● Collected data:
==========
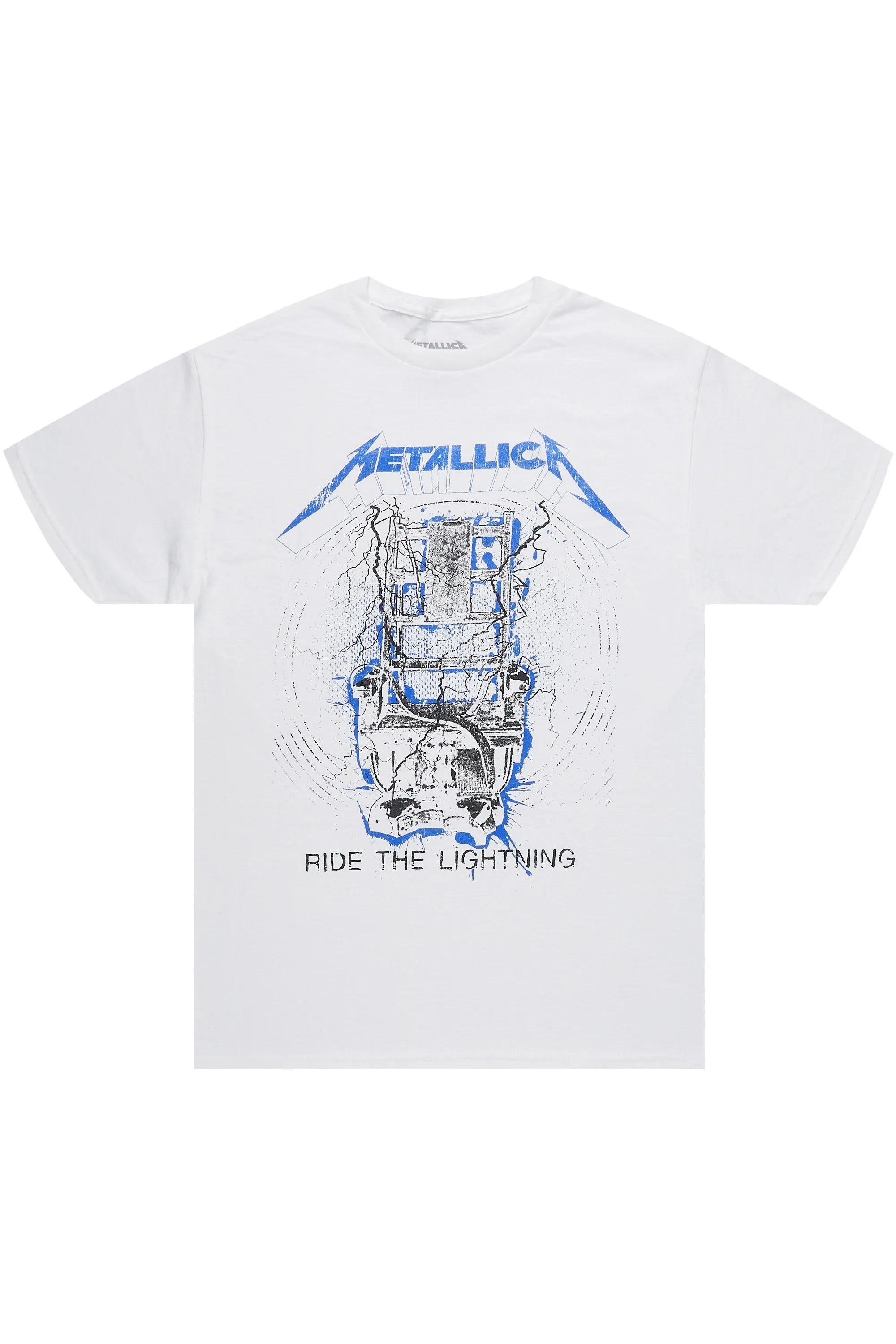 Metallica Lightning White/Blue Graphic T-Shirt sold by Rockstar Original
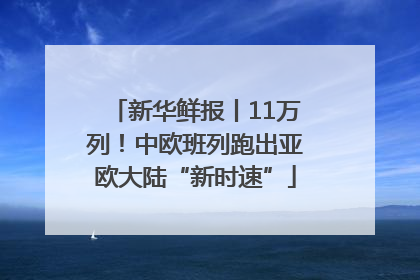 新华鲜报丨11万列！中欧班列跑出亚欧大陆“新时速”
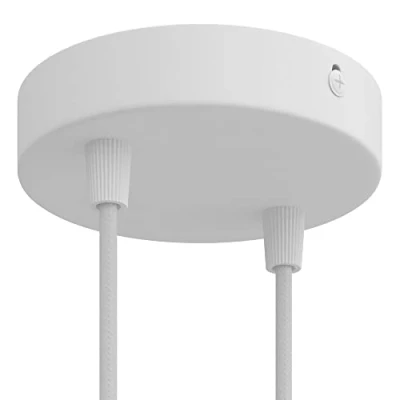 Afbeelding van creative cables Cilinderrozet van metaal met 2 gaten conisch, mat wit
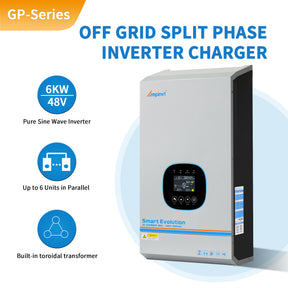 6KW 48V to 120/240V Split Phase Inverter Charger Supports Up to 6 Units in Parallel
==========
Nothing but the lines from the one that contains "Afbeelding van creative" through the end of the material above is to be reproduced, exactly and without pictures.

 Afbeelding van creative cables Cilinderrozet van metaal met 2 gaten conisch, mat wit
 6KW 48V to 120/240V Split Phase Inverter Charger Supports Up to 6 Units in Parallel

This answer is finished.